To integrate OpenAI with PandasAI, an API token is necessary. Follow the straightforward steps outlined below to create your API_TOKEN with OpenAI.
- Go to https://platform.openai.com/apps and signup with your email address or connect your Google Account.
- Go to View API Keys on the left side of your Personal Account Settings
- Select Create New Secret key
The API access to openai is a paid service. You have to set up billing. Read the Pricing information before experimenting.
Inorder to store the OpenAI Apikey securely used the .env files and stored the key under environmental variable
#set the openAI apikey
import os
from dotenv import load_dotenv
from pandasai.llm import OpenAI
load_dotenv() # loads the configs from .env
openai_api_key = os.getenv("OPENAI_API_KEY")
llm = OpenAI(api_token=openai_api_key)
Querying the pandas dataframe using Prompts to perform Data Analysis
Prompt 1
#Set the SmartDataframe
sdf = SmartDataframe(data,config={'llm':llm})
#Prompt 1
sdf.chat("How many rows are there in data ?")
Output Response
8105
Prompt 2
#Prompt 2
sdf.chat("Get me the Highest value of Nifty from the high column")
Output Response
22081.95
Prompt 3
#Prompt 3
sdf.chat("Get the Last 20 days max high and min low value")
Output Response
'The last 20 days max high value is 22081.95 and min low value is 20976.801.'
Visualizing the Pandas Dataframe using Prompts
#data visualization prompt 1
sdf.chat("Plot the Line Chart of Close in red color")
Output Response
#data visualization prompt 2
sdf.chat("Plot the close chart with volume as subplot for the last 200 days")
Output Response
#data visualization prompt 3
sdf.chat("For the last 100 bars Plot the line chart of close in green color with ema10 and ema20 value")
Output Response
PandasAI Connectors
PandasAI provides several connectors that allow you to connect to different data sources like yahoo finance. These connectors are designed to be easy to use, even if you are not familiar with the data source or with PandasAI.
from pandasai.connectors.yahoo_finance import YahooFinanceConnector
yahoo_connector = YahooFinanceConnector("WIPRO.NS")
df = SmartDataframe(yahoo_connector, config={"llm": llm})
response = df.chat("What is the closing price for yesterday? Provide the output adjusted to 2 decimals")
print(response)
Output Response
The closing price for yesterday is 465.45.
yahoo_connector = YahooFinanceConnector("TATASTEEL.NS")
df_connector = SmartDataframe(yahoo_connector, config={"llm": llm})
response = df_connector.chat("Plot the line chart of Tata Steel over time for the last 200 days")
Output Response
yahoo_connector = YahooFinanceConnector("TATASTEEL.NS")
df_connector = SmartDataframe(yahoo_connector, config={"llm": llm})

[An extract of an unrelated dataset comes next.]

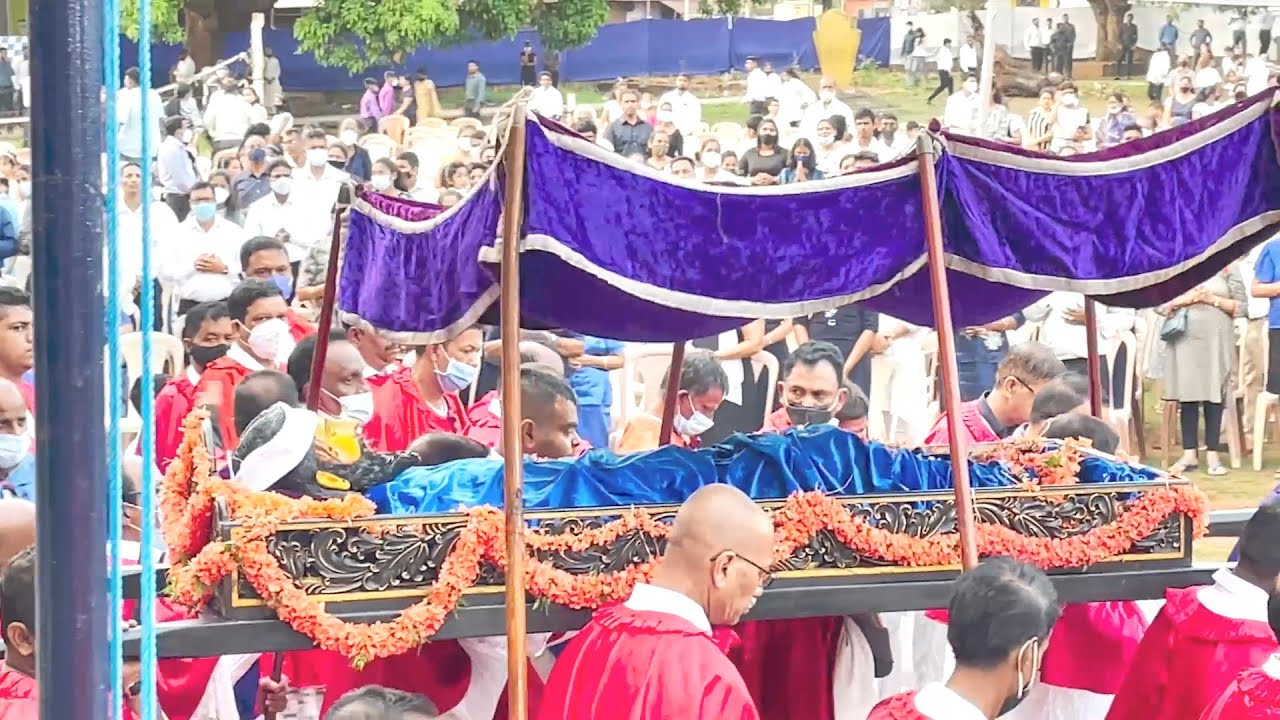 Good Friday at Our Lady of Rosary Church - Navelim Goa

response = df_connector.chat("Plot the line chart of Tata Steel over time for the last 200 days")
Output Response
PandasAI’s user-friendly nature makes it an excellent choice for a wide range of users. It’s particularly beneficial for those new to pandas or those seeking to streamline their data analysis workflow. Whether you are a student grappling with data analysis concepts, a beginner in programming looking to delve into data science, or an entry-level data analyst aiming to enhance efficiency, PandasAI is tailored for you.
The introduction of PandasAI signifies a paradigm shift in financial data analysis. Its ability to simplify complex data interactions, coupled with its powerful analytical capabilities, makes it a tool that not only enhances efficiency but also makes data analysis more accessible. As we move forward, tools like PandasAI are set to play a pivotal role in shaping the future of data analysis, making it more inclusive, efficient, and versatile.